I'm guessing here to some extent, but one of my grandmothers once made an interesting remark to me. She told me she'd married my grandfather 'to get rid of him'. She didn't mean it harshly, as she grew fond of him and respected him. But she was under such pressure to marry him from her brothers (his friends) and her own mother (his landlady), that it seemed the simplest solution to stop the pestering. That would have been in about 1907. They weren't 'society' people of course.
 
Now i'm getting the piture how people lived back in the early 1900.So that's how they dated.It seems to me that young women have it a bit easier than todays young women have it.
It seems to be way different from now, i would bperrfer to date how they dated,it sounds much better than now.These days people find there parnters on the internet,there's no courting or anything at all.
lol funnie about you're g/mother trying to get rid of you're g/father.
 
I think couples went roller skating or to the Flickers (Early Silent Film) or to see a Vaudeville Show, Theater. A lot of it is the same stuff people do now. Dancing was probably popular.
 
The word "date" as we use it today is, from memory, first recorded in the 1890s (I'll look up the reference later), but it may have come into use earlier.

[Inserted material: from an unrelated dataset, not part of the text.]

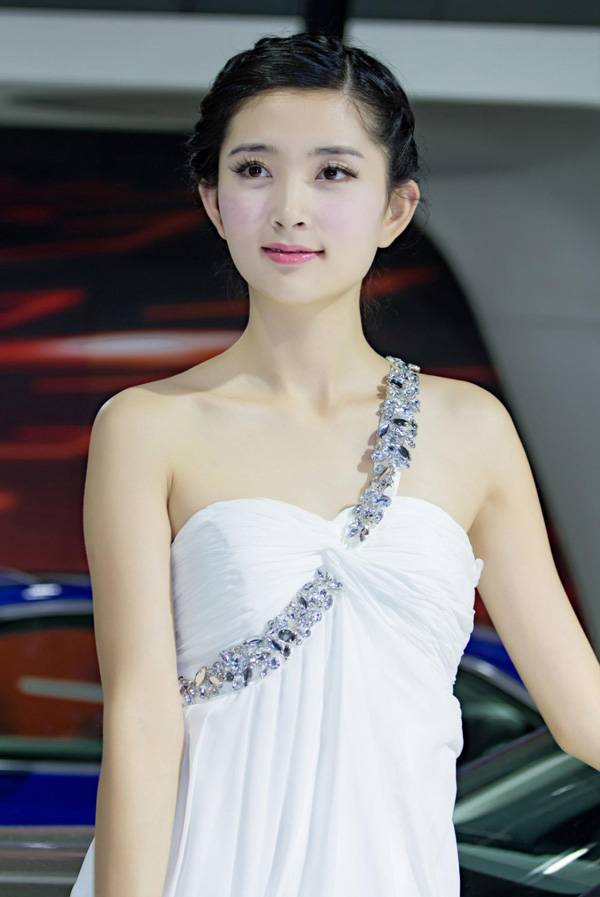 美女车模低胸迷人写真-3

Courtship rituals were changing by the Edwardian period. One of the most significant factors to impact on the practices was the widespread popularity of the bicycle. This allowed young people mobility - often without chaperones. Reading correspondence from the era you get a sense of the newfound liberties in romantic connections. With the introduction of cheap cars - and cheap enclosed cars at that - in the 1920s, dates became more private still.

While there were still, at least nominally, restrictions on at least middle class young couples spending time alone in each others' company, young people frequently seemed to get around these issues.

I don't think "pick up lines" as we know them today would have been all that popular with your average girl. In 1918, Zelda Sayre (considered a bit on the wild side by her contemporaries) rebuffed F Scott Fitzgerald's initial attempt to approach her with "I don't make late dates with fast workers". An introduction through a mutual acquaintance would be the usual way to go about approaching a girl, although there were other, less formal ways to go about striking up an acquaintance.
 
George-How did they dance like Ballroom Dancing?
Yeah there was a lot of that and some other types of dancing. Reels were popular in the here in the States and the Tango was starting to make a splash. A lot of Waltz's were popular which is basically Ballroom.
 
Two very amusing memoirs by Frank B. Gilbreth Jr. and Ernestine Gilbreth Carey : "Cheaper by the Dozen" and "Belles on Their Toes". Among the various incidents of life with 10 - 11 siblings and 2 motion study expert parents are how Ernestine and her older sister Anne managed to smoke and date in the early 1920's, and their mother's recollection of how dating was in her day. (The early 1900's if Frank Jrs. birth in 1911 is any indication. He was a middle child: no. 5 or 6 in the family.) Probably exaggerated, but I bet not much.
 
There were also the ragtime dances: foxtrot, turkey trot, Lambeth walk, Castle walk. I don't know about the bunny hug. Irene Castle and her husband Vernon were dancing stars before World War I. Probably during it too. Vernon died, or was killed in the war, in 1918.
 
Thanks, Marilyn,
There were also the ragtime dances: foxtrot, turkey trot, Lambeth walk, Castle walk.
Shoot I forgot all about Ragtime. I remembered the Castles though but forgot what styles they danced. Irene made some movies back in the late teens and maybe into the early twenties.
 
Hi Marilyn

>>Irene Castle and her husband Vernon were dancing stars before World War I.<<

If there was dancing back in those days,which i do believe you-
How come there was no dancing floor on The Olympic and Titanic?